A U.S. Department of Justice memo, formally released yesterday as a result of a lawsuit filed by the ACLU of RI and RI Legal Services (and also obtained independently by the Boston Globe), contains a blistering critique of the Providence school district’s (PSD) treatment of English language learner (EL) students.  But, the ACLU and RILS said today, release of the memo does more than document a systematic violation of EL students’ rights by the PSD. Specifically, it also highlights a blatant abuse of the Access to Public Records Act by the Providence school district, and underlines the RI Department of Education’s (RIDE) own failure to require PSD’s compliance with federal and state law obligations regarding the legal rights of EL students.

As for the violation of EL students’ rights, virtually every sentence of the 18-page DOJ memo lays out in devastating detail the extensive scope of the school district’s failure to provide EL students the education to which they are entitled under federal law. But one paragraph in the memo sums up the breadth of those violations:

“[The conditions constituting violations of federal law] include the District’s: 1) placement of hundreds of ELs in schools without EL program services without voluntary and informed waivers of service; 2) use of an educationally unsound EL program; 3) inadequate implementation of several of its EL programs; 4) failure to staff its EL programs with qualified teachers; 5) unnecessary segregation of some ELs; 6) insufficient materials at certain schools; inadequate principal training; 8) failure to identify all ELs in a timely way; 9) inadequate communications with LEP parents; 10) failure to provide ELs with equal opportunities to participate in specialized programs; 11) inappropriate criteria for exiting ELs from EL programs and inadequate monitoring of exited ELs; and 12) failure to properly evaluate its EL programs for effectiveness. Together, these practices prevent EL students from learning English and accessing their other core subjects, setting them up to struggle and too often to fail.”

But, the ACLU and RILS said today, the release of the memo actually highlights two other very disturbing concerns: PSD’s misuse of the state’s open records law, and RIDE’s explicit failure to ensure that EL students in fact receive the mandated supports they need to succeed in school.

1. Access to Public Records: In April, RILS filed an open records request with PSD for a copy of the DOJ memo released yesterday. Citing a host of dubious exemptions in the Access to Public Records Act, including a claim that the document was protected by attorney-client privilege, PSD refused to release the document. Two weeks ago, the ACLU and RILS filed an open records lawsuit to obtain the document, and six months after refusing to turn it over, the PSD released the document yesterday without a fight. ACLU of RI executive director Steven Brown said today: “The school district knew this was a public record and deliberately withheld it from public scrutiny until a lawsuit was filed against them. School officials were well aware they had no reason to withhold the document, but did so for as long as they could in order to hide the DOJ’s devastating findings from the public. This was a shameful and blatant misuse of the open records law.”
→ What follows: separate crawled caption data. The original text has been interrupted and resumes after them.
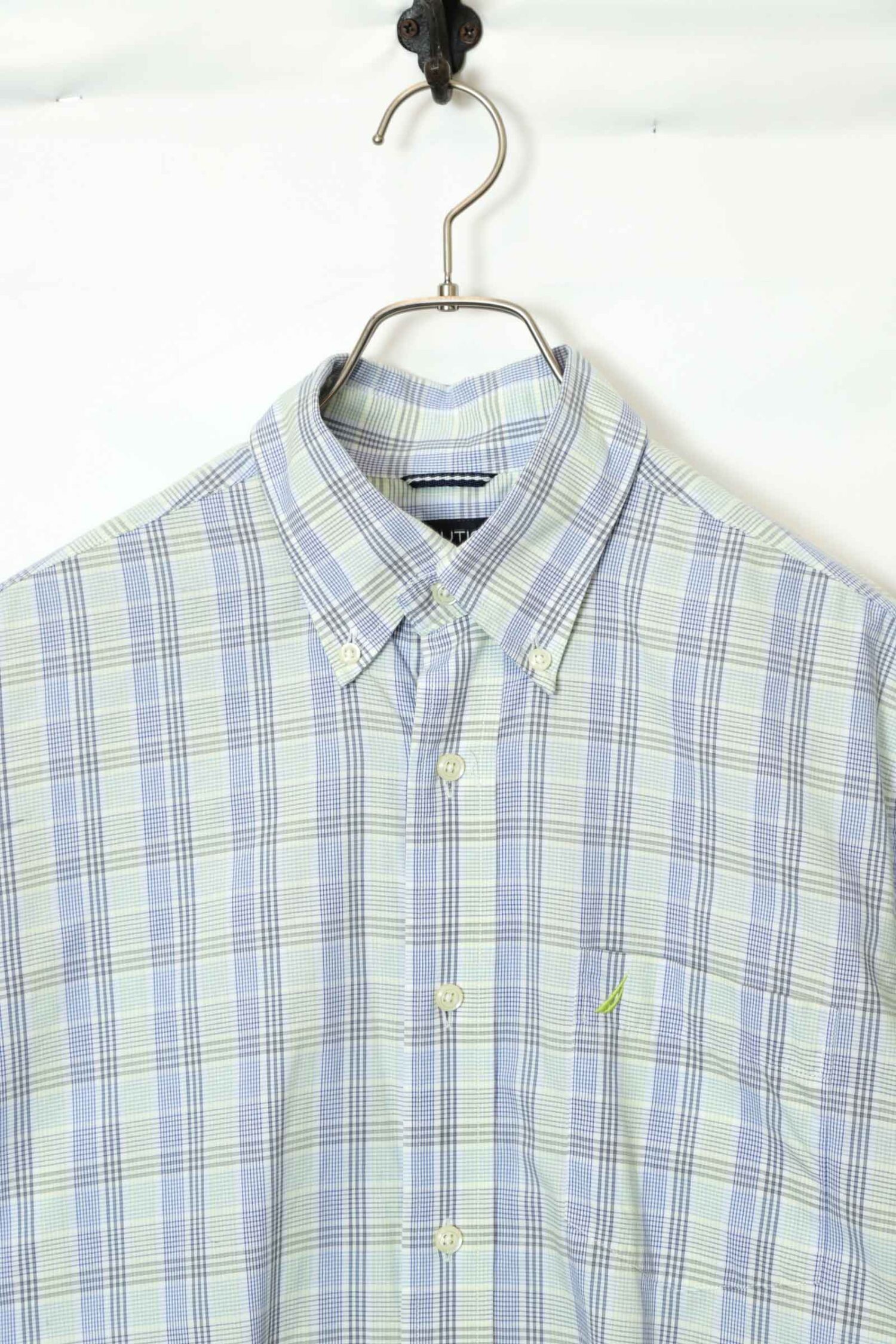 Alternative view of USED NAUTICA CHECK PATTERN SHIRT/L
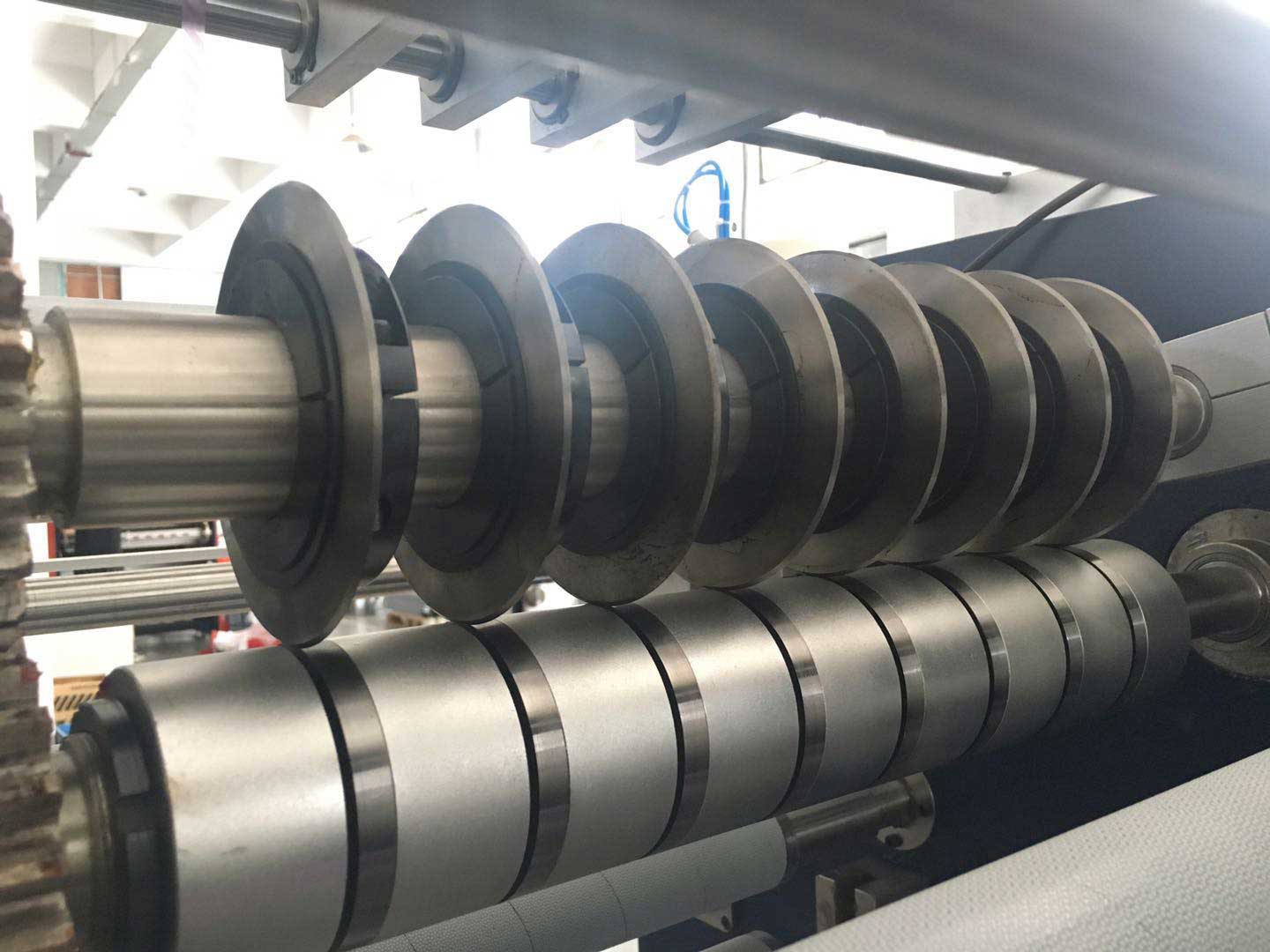 分切機常見問題及分切刀具的選擇和使用 分切機常見問題及分切刀具的選擇和使用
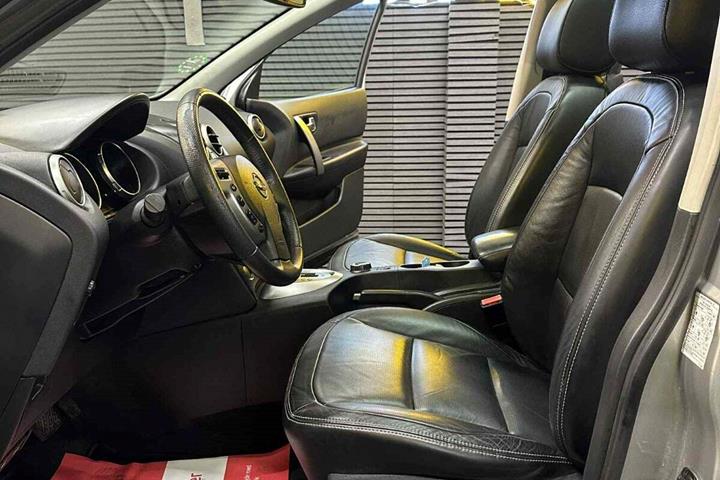 undefined Nissan Qashqai+2 fra 2009 set indefra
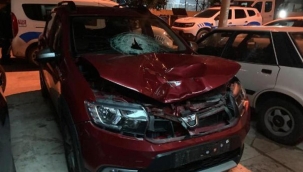 İzmir'de feci kaza! Otomobil çarptı, metrelerce sürüklendi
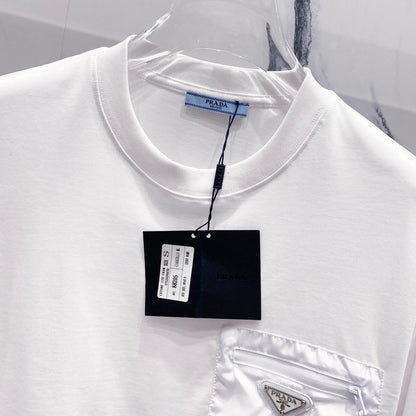 Metal logo carry pocket t-shirt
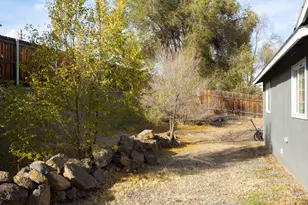 2651 SW Glacier Ave, Redmond, OR 97756 - Photo 20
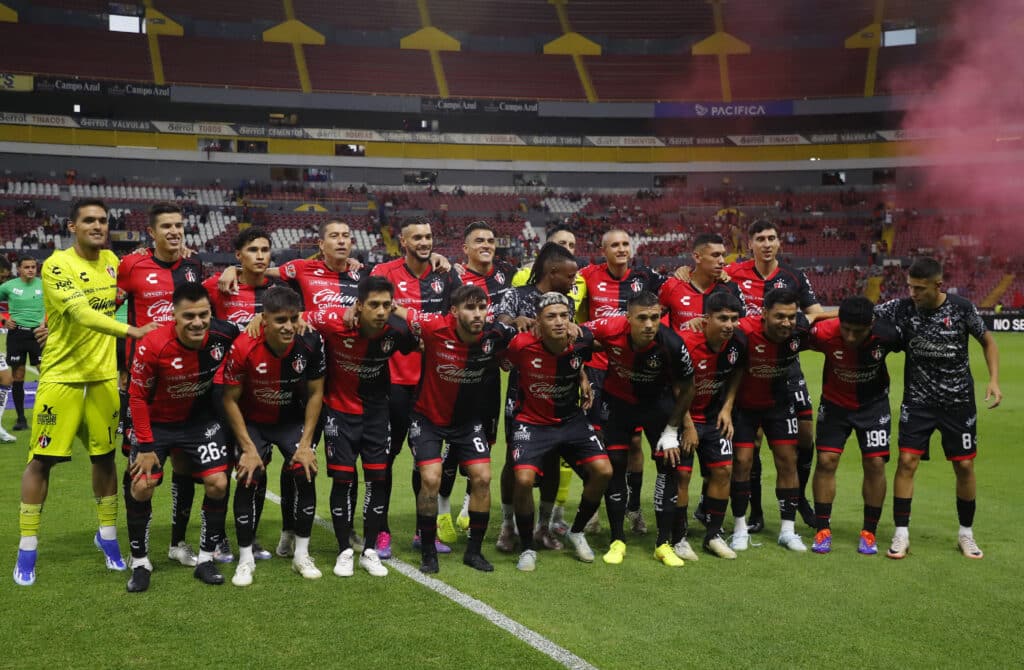 El equipo del Atlas en el Estadio Jalisco.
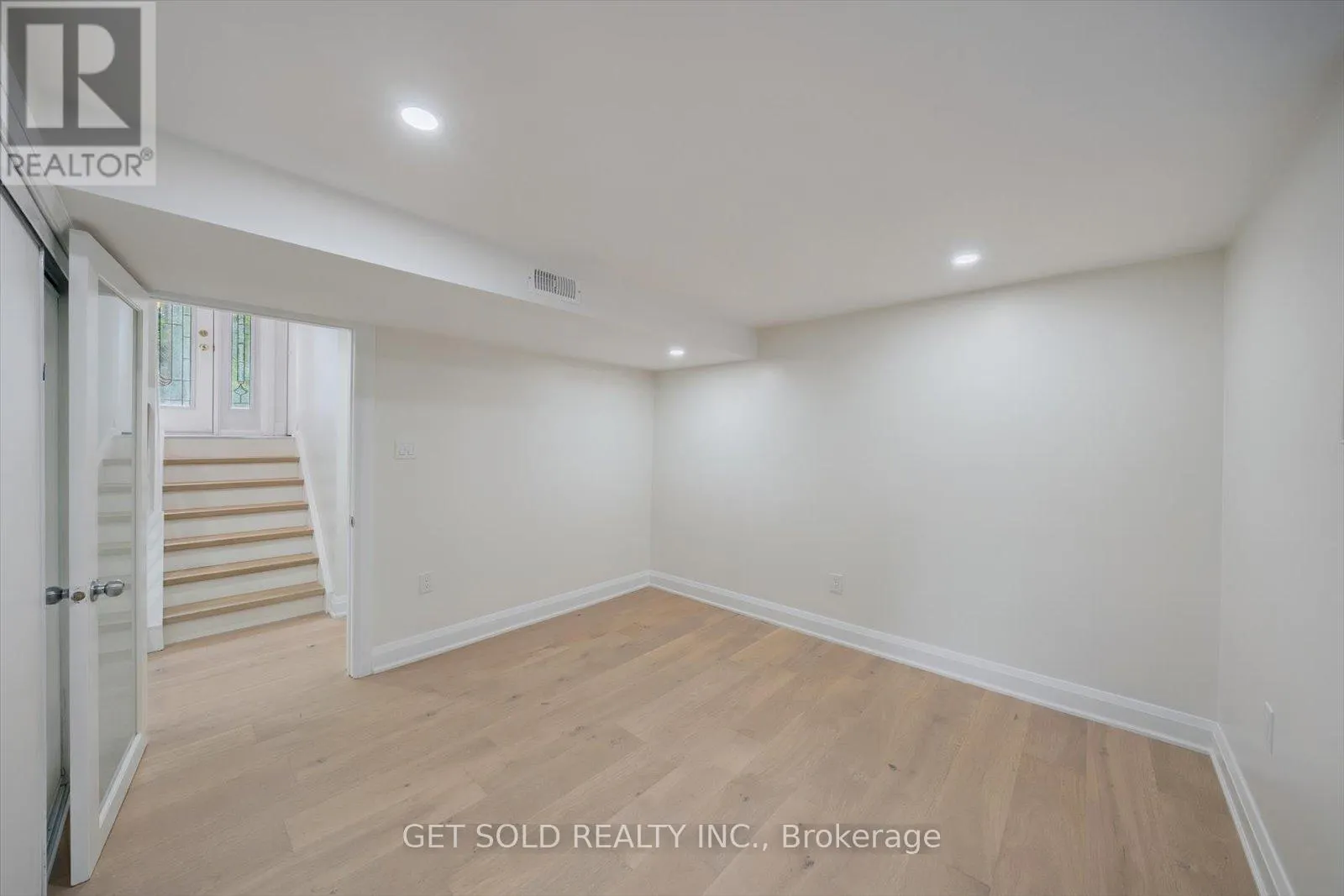 521 GRAND BOULEVARD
2. RIDE’s failure to protect the rights of EL students in Providence. More than three years ago, the ACLU and RILS filed an administrative complaint against PSD for its violation of EL students’ rights. Among other violations, the complaint targeted the illegality of PSD’s “Consultation Model” of teaching EL students, a model that provided virtually no direct services to students by EL certified teachers. In March of 2019, however, former RIDE Commissioner of Education Ken Wagner upheld PSD’s use of this model – six months after the DOJ’s settlement agreement with the Providence school district had determined that the Consultation Model was “educationally unsound,” violated the rights of EL students, and could not continue to be used. The former Commissioner’s decision intentionally ignored the DOJ’s ruling and found that the Consultation Model “does not violate the Rhode Island Regulations.” ACLU and RILS appealed that ruling to the Council on Elementary and Secondary Education, where the appeal is pending. 

RILS attorney Veronika Kot said today: “The just-released DOJ memo documents in devastating detail how ELs in Providence were systematically deprived of the educational supports they need, including being provided virtually no meaningful services and no contact with teachers certified to provide such specialized services. The predictable effects of this are well-documented in the recent Johns Hopkins report on the Providence School District, which highlights the academic shortchanging and abysmal outcomes for ELs in Providence. It is high time for the State Department of Education to exercise its responsibility to ensure that ELs receive the full scope of supports guaranteed to them by law and which they urgently need in order to have an equal opportunity for educational success.” 

RILS and the ACLU plan on pursuing their appeal of the March RIDE ruling and expressed hope that release of the DOJ’s detailed findings would prompt a quick reversal of the former Commissioner’s decision by the Council on Elementary and Secondary Education, so that EL students in Providence can finally receive the full scope of support to which they are entitled under both state and federal law.